The extraordinary insight Garbage Dreams provides into a contemporary global issue was recognized by Al Gore last week at the Nashville Film Festival where he awarded Director, Mai Iskander, with the Reel Current Award.
"GARBAGE DREAMS is a moving story of young men searching for a ways to eke out a living for their families and facing tough choices as they try to do the right thing for the planet. Mai Iskander guides us into a 'garbage village,' a place so different from our own, and yet the choices they face there are so hauntingly familiar.
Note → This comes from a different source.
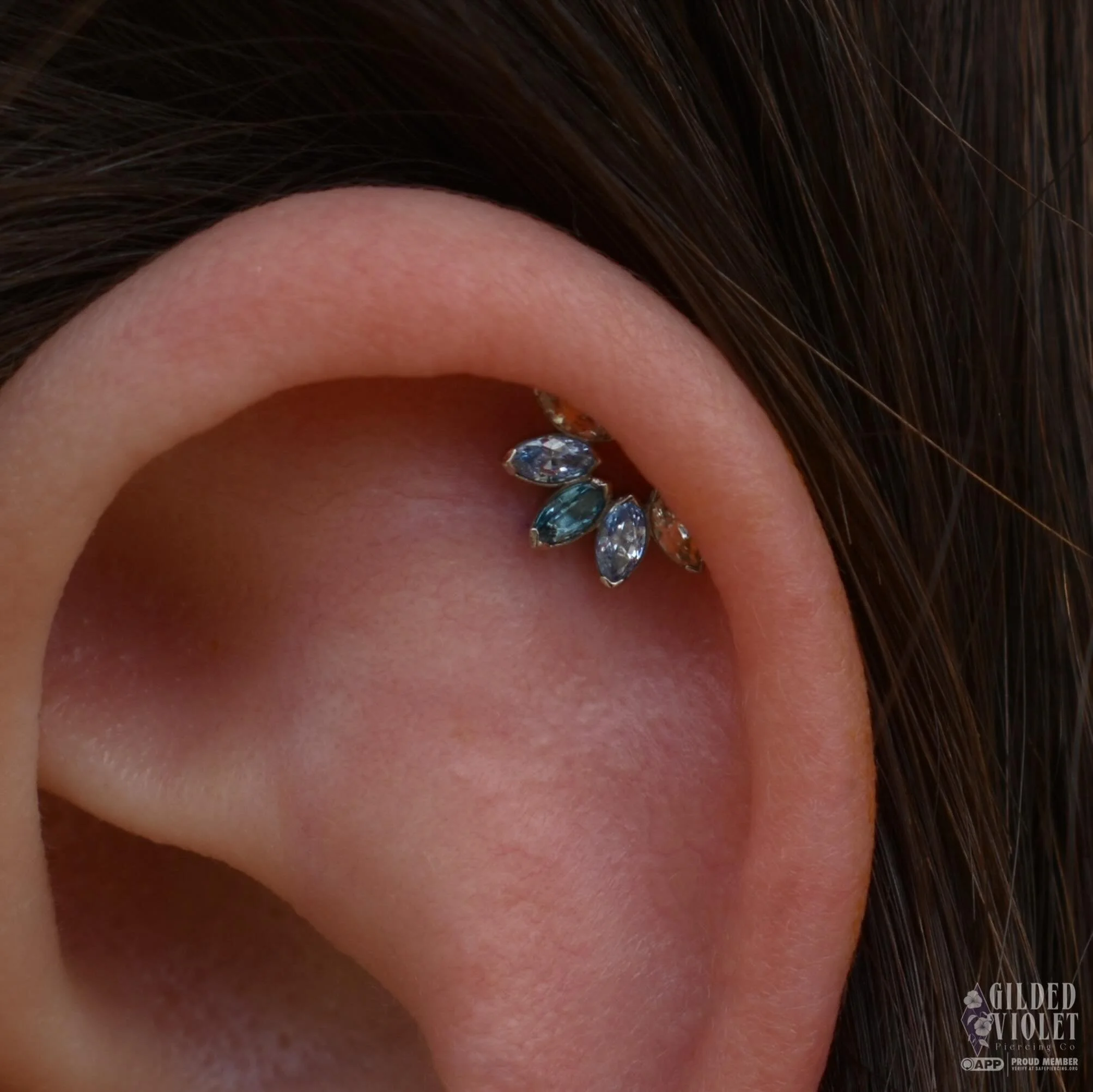 Fresh helix wearing a white gold marquise cluster, styled to create a cute lil peekaboo moment 💎 
.
.
.
#gildedvioletpiercing #helixpiercing #appmember #earstyling  #jeannettepa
Ultimately, GARBAGE DREAMS makes a compelling case that modernization does not always equal progress."
- Al Gore
Garbage Dreams has also picked up the following awards: Best Documentary at Bermuda International Film Festival, Best Documentary at Vail Film Festival, World Cinema Best Director at Phoenix Film Festival and now Al Gore Reel Current Award at Nashville Film Festival. The film had its World Premiere at the SXSW 2009 Film Festival.
About the film:
"Garbage Dreams" follows three teenage boys born into the trash trade and growing up in the world's largest garbage village, on the outskirts of Cairo. It is the home to 60,000 Zaballeen, Arabic for "garbage people." Far ahead of any modern "Green" initiatives, the Zaballeen survive by recycling 80 percent of the garbage they collect. When their community is suddenly faced with the globalization of its trade, each of the teenage boys is forced to make choices that will impact his future and the survival of his community.